Received 22 January 2013
aLake Braddock Secondary School, 9200 Burke Lake Road, Burke, VA 22015, USA,bDepartment of Chemistry, Howard University, 525 College Street NW, Washington DC 20059, USA,cDepartment of Studies in Chemistry, Mangalore University, Mangalagangotri 574 199, India, and dDepartment of Studies in Chemistry, University of Mysore, Manasagangotri, Mysore 570 006, India
Correspondence e-mail: firstname.lastname@example.org
In the title compound, C19H17Cl2N3O2, there are three molecules (A, B and C) in the asymmetric unit and each differs in the conformation adopted.
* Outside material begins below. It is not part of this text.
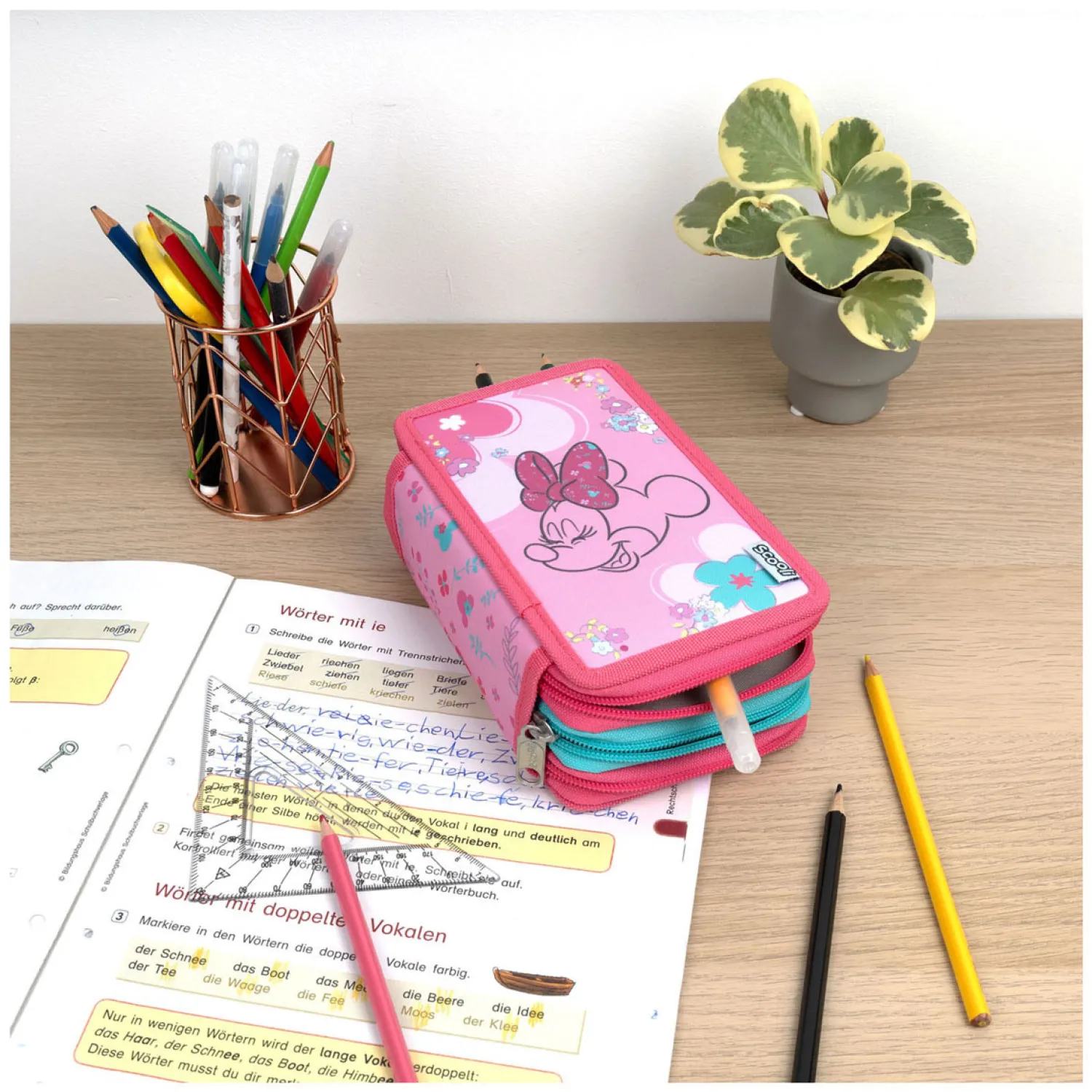 3-Vaks Gevulde Etui Minnie Mouse-Undercover Online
As a result of steric repulsion, the amide group is rotated with respect to both the dichlorophenyl and 2,3-dihydro-1H-pyrazol-4-yl rings, making dihedral angles of 44.5 (2) and 56.2 (2)°, respectively in A, 51.1 (2) and 54.1 (2)° in B, and 53.8 (2) and 54.6 (2)° in C. The dihedral angles between the dichlorophenyl and 2,3-dihydro-1H-pyrazol-4-yl rings are 54.8 (2), 76.2 (2) and 77.5 (2)° in molecules A, B and C, respectively, while the 2,3-dihydro-1H-pyrazol-4-yl and phenyl rings make dihedral angles of 45.3 (2), 51.2 (2) and 42.8 (2)°, respectively. In the crystal, two of the molecules are linked through N-HO hydrogen bonding to an adjoining molecule, forming dimers of the R22(10) type, while the third molecule forms such dimers with itself. C-HO interactions link the dimers.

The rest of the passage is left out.